• **Your instructions**:
Pictures in the material below are to be left out, and only the lines from the line with "[df04c1eb] BBW PORTA" up to and including the line with "1940s Sunshine Sky" are to be written out exactly.

[[ Material supplied, beginning ]]

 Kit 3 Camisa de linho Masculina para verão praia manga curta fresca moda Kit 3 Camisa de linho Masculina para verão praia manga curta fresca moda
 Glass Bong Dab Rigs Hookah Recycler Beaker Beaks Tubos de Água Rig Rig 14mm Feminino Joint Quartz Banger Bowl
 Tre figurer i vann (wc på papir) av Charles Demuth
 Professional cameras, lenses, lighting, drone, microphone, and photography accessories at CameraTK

[[ Material supplied, end ]]
[[ Material supplied, beginning ]]

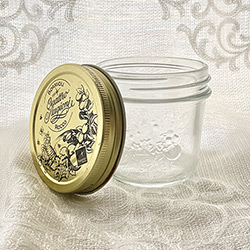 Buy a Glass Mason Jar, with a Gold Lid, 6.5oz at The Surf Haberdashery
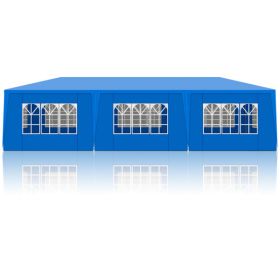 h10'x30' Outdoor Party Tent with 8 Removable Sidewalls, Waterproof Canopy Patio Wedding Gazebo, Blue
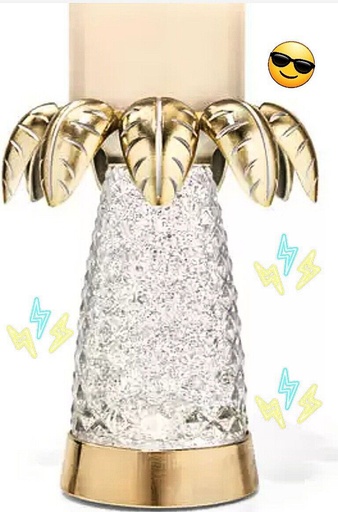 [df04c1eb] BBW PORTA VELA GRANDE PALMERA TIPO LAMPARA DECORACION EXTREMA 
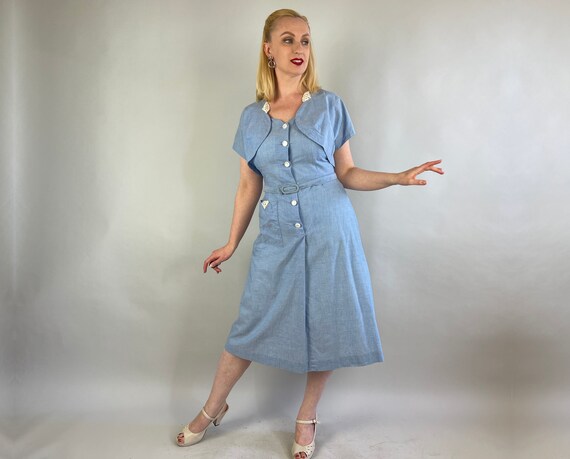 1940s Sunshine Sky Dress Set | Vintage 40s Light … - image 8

[[ Material supplied, end ]]

• **Output**:
 [df04c1eb] BBW PORTA VELA GRANDE PALMERA TIPO LAMPARA DECORACION EXTREMA 
 1940s Sunshine Sky Dress Set | Vintage 40s Light … - image 8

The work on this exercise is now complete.